- **What the task asks**
After locating the line that bears "357 Card Binder", restate word for word that line and the rest of the listing to its final line, excluding all pictures.

- **Material provided**

● ● ● ●

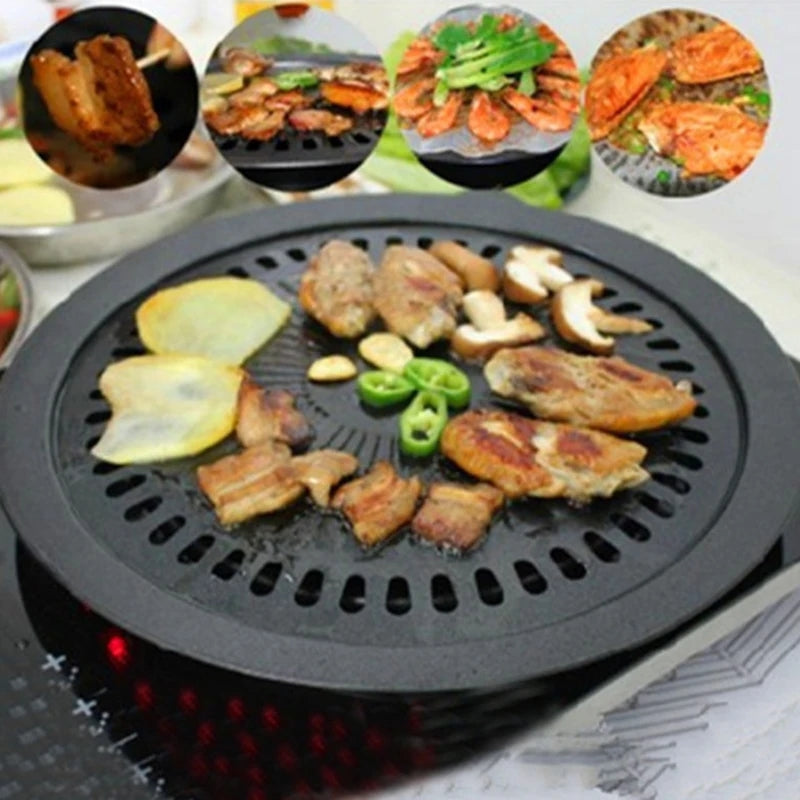 Non stick Grill Pan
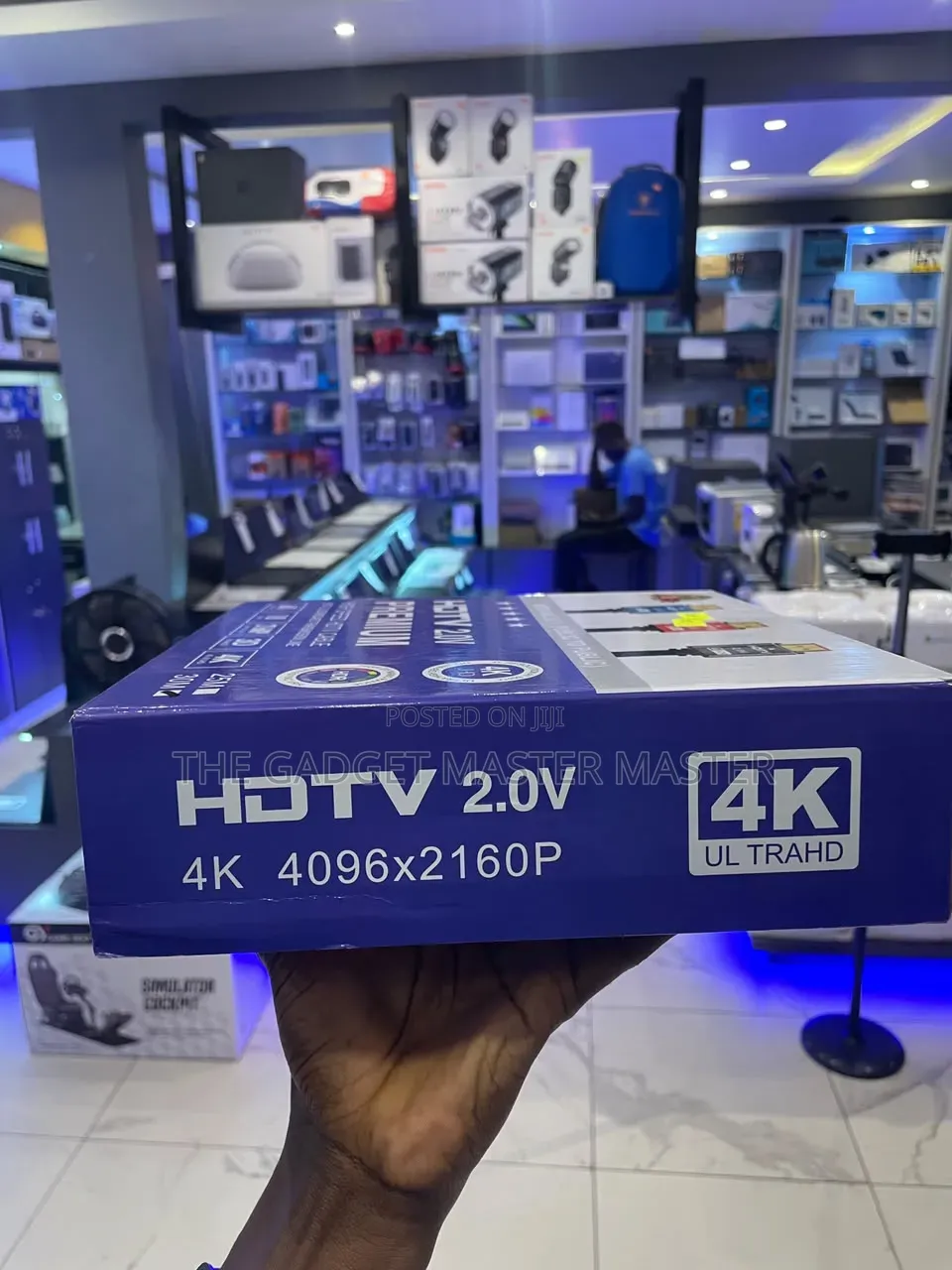 HDTV 2.0v Premium High Speed 30m Hdmi Cable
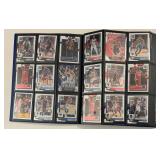 357 Card Binder - 2022 Basketball Cards - Optic, Mosaic, Contenders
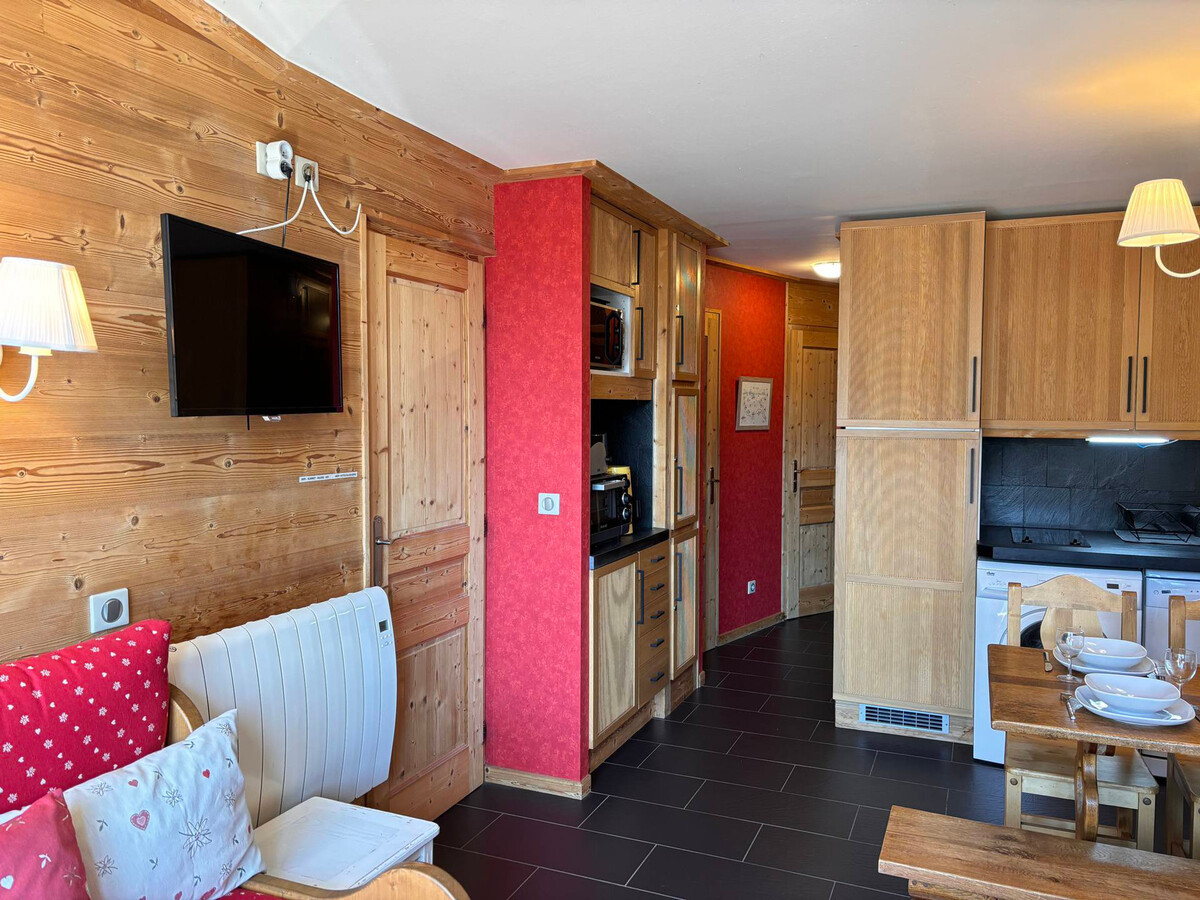 Charmant appartement avec sauna pour 6 personnes - Photo 4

● ● ● ●

- **Exercise result**
 357 Card Binder - 2022 Basketball Cards - Optic, Mosaic, Contenders
 Charmant appartement avec sauna pour 6 personnes - Photo 4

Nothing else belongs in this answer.